Первый план картины — две женские фигуры: молодая кухарка со ступкой и старуха позади нее. Рядом с ними натюрморт: четыре рыбины на тарелке, кувшин, яйца, головки чеснока и красный острый перец.
Второй план — Христос, сидящий в кресле и беседующий с опустившейся на колени у его ног Марией и стоящей рядом Марфой. Одни считают, что это картина, висящая на стене, другие — что это реальная беседа в соседней комнате, которая видна через окно.
И наконец, третья точка зрения — это зеркало на кухне, отражающее фигуры Христа, Марфы и Марии, находящиеся в пространстве перед картиной.
Последняя интерпретация ближе всего к тому, что происходит в «Менинах», осталось только совместить отраженное в зеркале с точкой зрения зрителя.
В «Менинах» придворные своими глазами видят то, что попадает в зеркало, мы — нет.

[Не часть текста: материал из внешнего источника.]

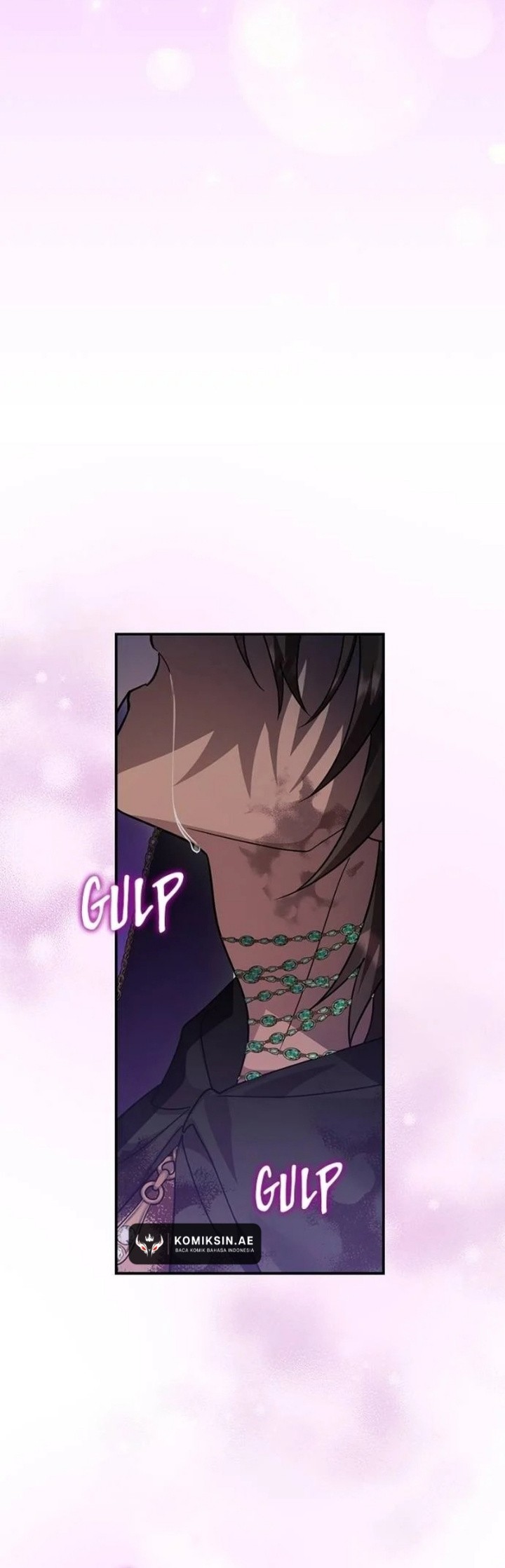 Heroes, Demons & Villains Chapter 118 Gambar 4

При этом только мы видим зеркало, герои же видят то, что мы получаем лишь отраженным в зеркале, в котором не видим себя (а должны были бы, занимая место моделей), будучи и частью картины под названием «Менины», и стоящими перед ней зрителями.
Место модели и трансцендируется за пределы картины, и еще глубже погружается в ее колодезную глубину, подобно двери справа открывая выход в другое измерение (с той лишь разницей, что дверь являет то, что за ней, а зеркало — то, что перед ним).

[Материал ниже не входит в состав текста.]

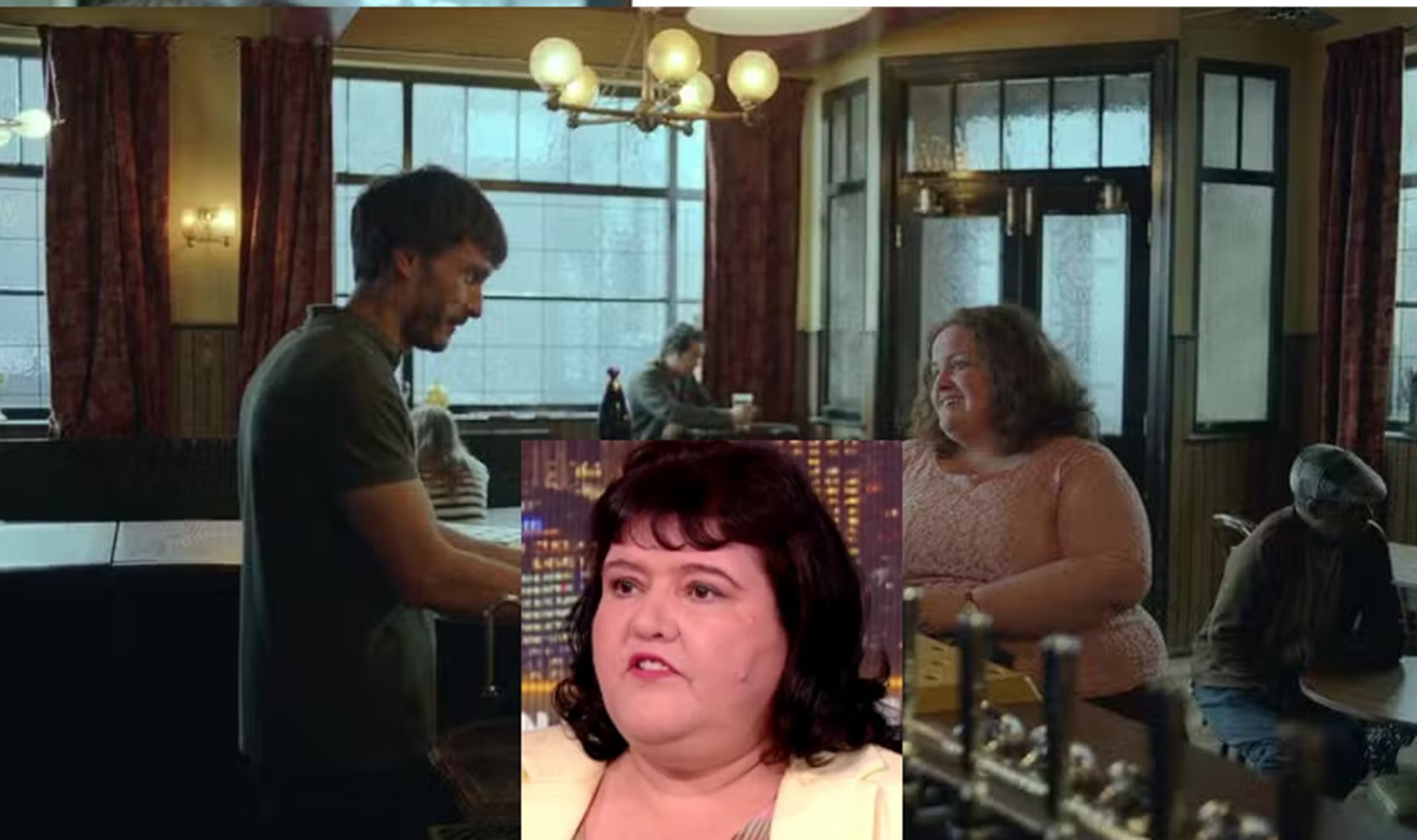 Criador de 'Bebê Rena' pode ficar cara a cara com 'verdadeira Martha' em tribunal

Такому художнику, как Веласкес, само понятие о пределе в искусстве показалось бы абсурдным: даже в минуту величайшего торжества гармонии он чувствовал себя на пороге каких-то новых, таинственных и недостижимых свершений, и каждый запечный сверчок обещал долгий и длинный путь.
Художник, вовлекая нас в густую паутину игры означаемых и означающих, отменно чувствует динамическую природу зеркальных эффектов, в русле которых пассивное пребывание некоей видимости уступает место бурному извержению желаний, стремлений и надежд, грез, фантазий, потаенных ходов смысла и явного жмыха бессмыслицы.
Зеркало — место встречи, столкновения, острого диалога, состязания, как это блестяще показала Мельшиор-Бонне. Разворачивая пространство игры и возможностей совершенно невиданных, оно проникает сквозь все поле изображения, пренебрегая всем и опережая кисть художника, и воспроизводит видимый облик того, что находится за пределами «Менин». Франциско Пачеко говорил (и в этом старый волк знал толк): «Изображение должно выходить из рамы». У его прилежного ученика Веласкеса изображение радикально выходит из рамы, как если бы само море поднималось выше уровня моря и не солнце заходило за горизонт, а горизонт за солнце.
В запредельной невидимой точке сходятся взгляды почти всех персонажей и все линии композиции (даже пес сонной мордой направлен на нее).